# WORK REQUIRED
Starting with the line that holds "Photo 1 of Condo" and stopping after the line that holds "MKC WHITETAIL - GREY", repeat the lines below word for word, without the pictures.

# MATERIAL FOR THIS EXERCISE
────────────────

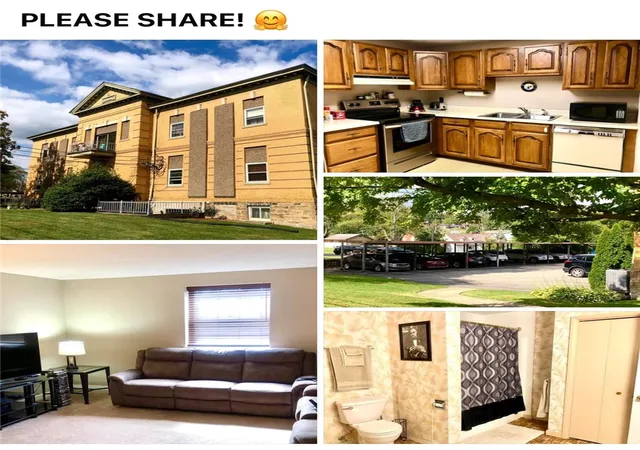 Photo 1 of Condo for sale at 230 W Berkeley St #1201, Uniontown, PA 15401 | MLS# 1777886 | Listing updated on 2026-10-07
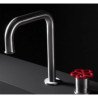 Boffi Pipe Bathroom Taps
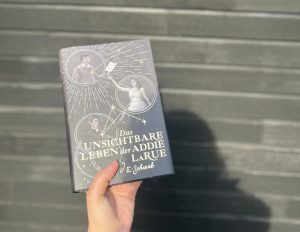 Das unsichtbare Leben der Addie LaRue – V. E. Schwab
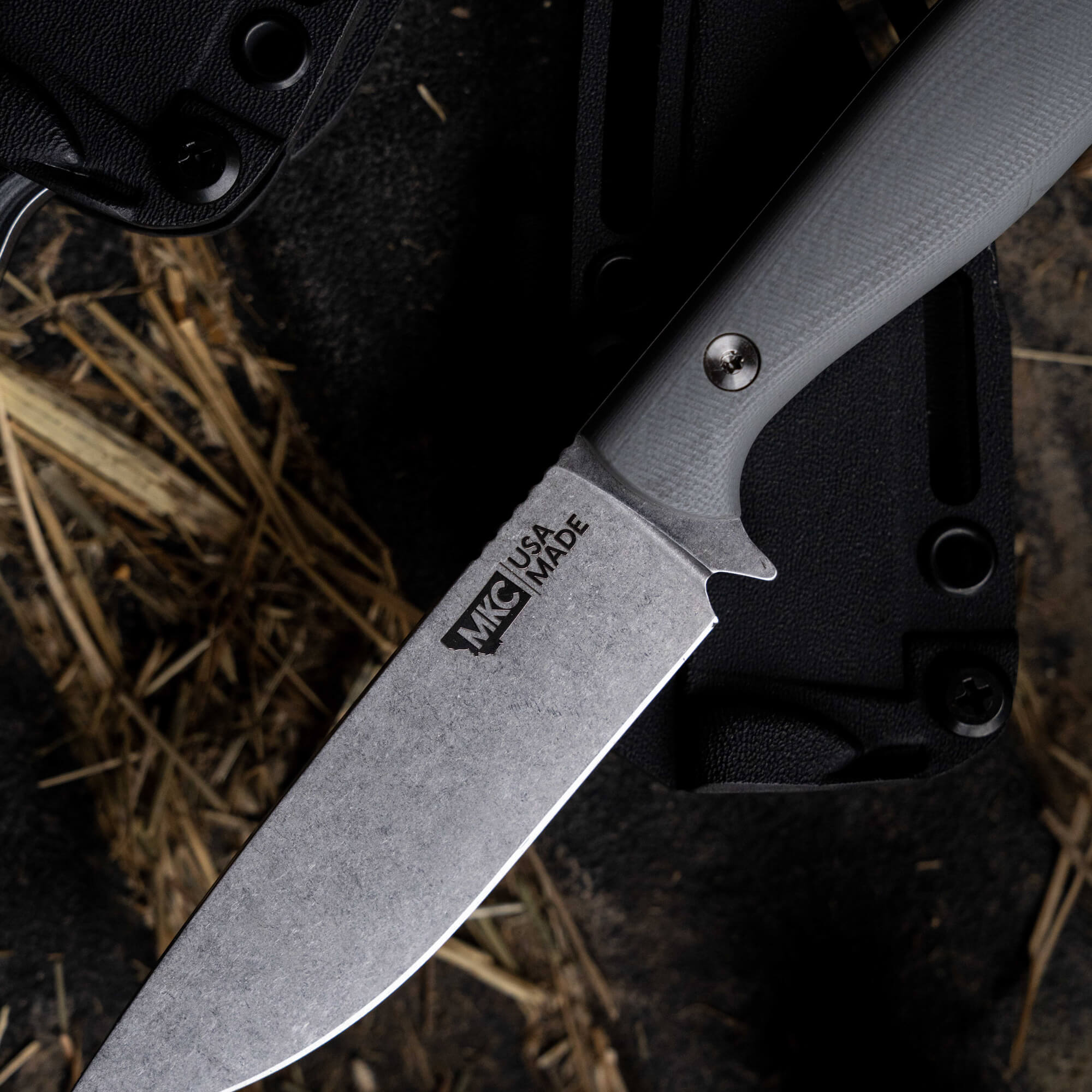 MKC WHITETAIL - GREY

────────────────

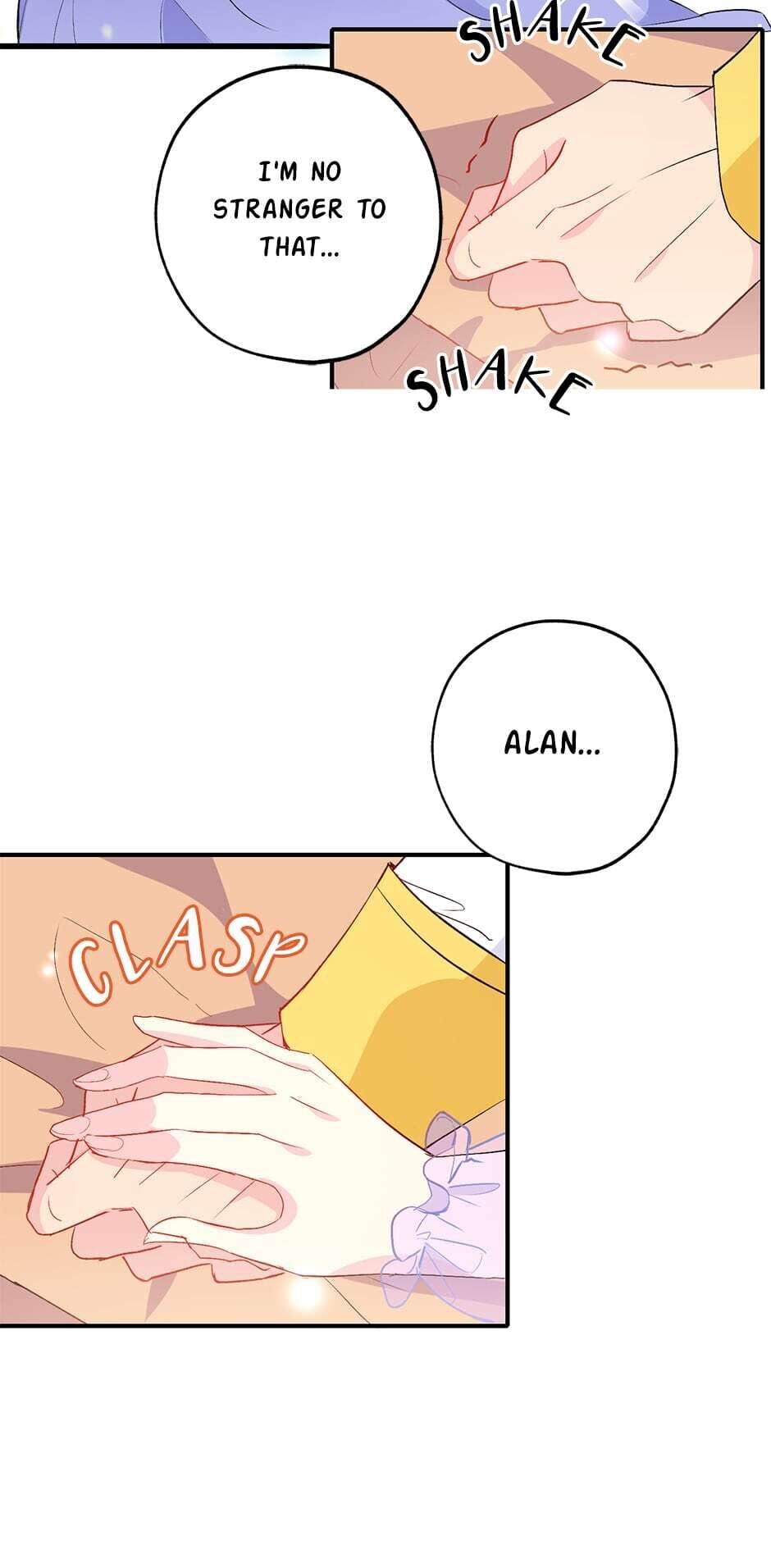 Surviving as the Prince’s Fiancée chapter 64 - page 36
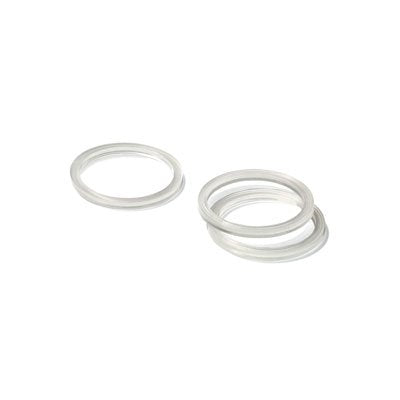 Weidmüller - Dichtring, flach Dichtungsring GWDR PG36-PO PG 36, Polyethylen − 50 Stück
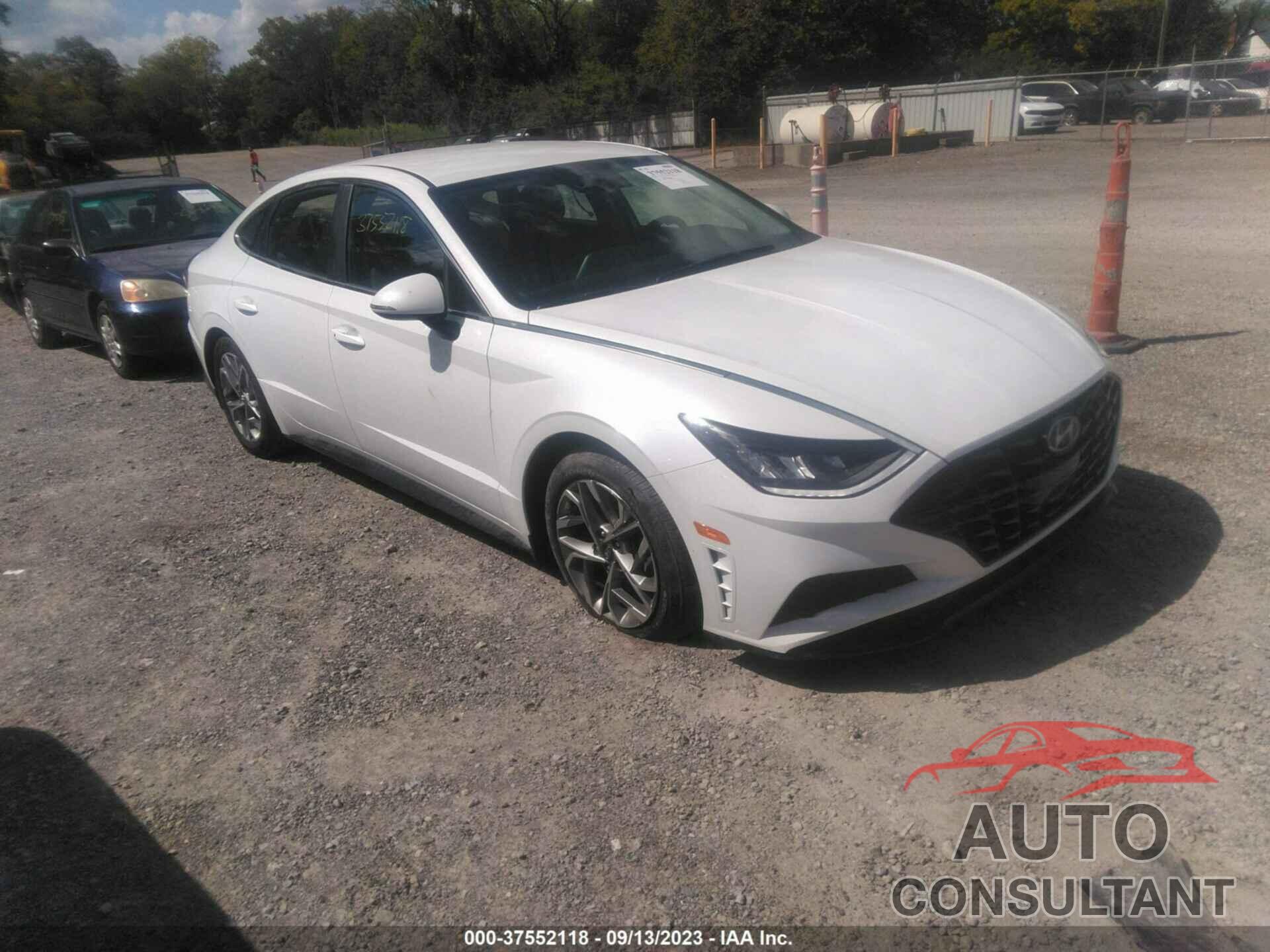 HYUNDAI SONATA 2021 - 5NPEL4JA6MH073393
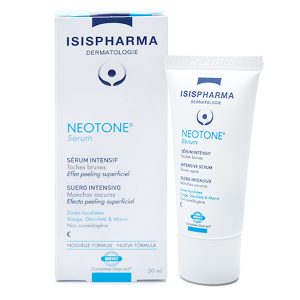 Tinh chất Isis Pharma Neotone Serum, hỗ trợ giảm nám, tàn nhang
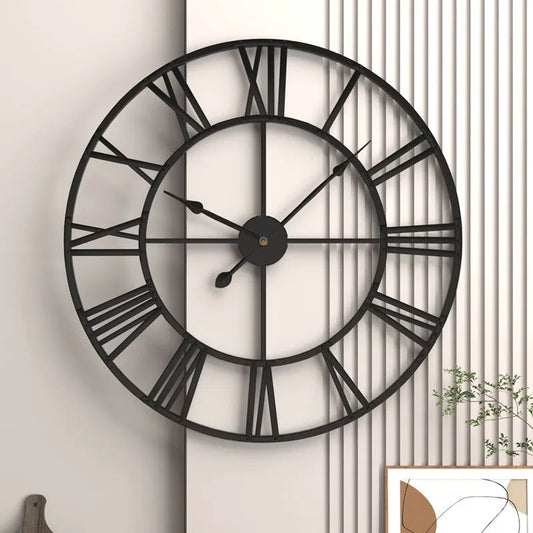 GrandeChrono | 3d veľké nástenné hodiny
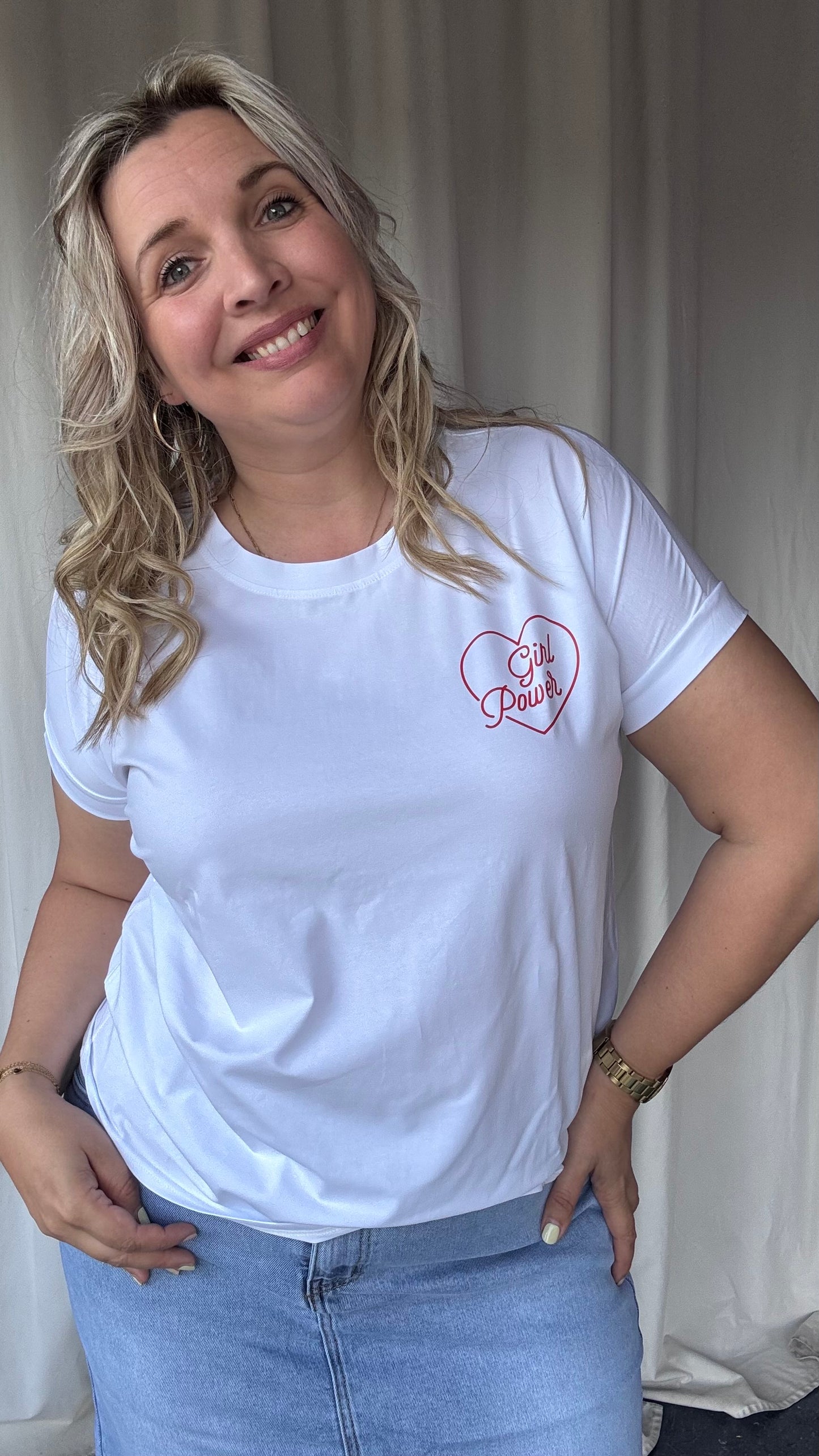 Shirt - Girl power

────────────────

# EXERCISE ANSWER
 Photo 1 of Condo for sale at 230 W Berkeley St #1201, Uniontown, PA 15401 | MLS# 1777886 | Listing updated on 2026-10-07
 Boffi Pipe Bathroom Taps
 Das unsichtbare Leben der Addie LaRue – V. E. Schwab
 MKC WHITETAIL - GREY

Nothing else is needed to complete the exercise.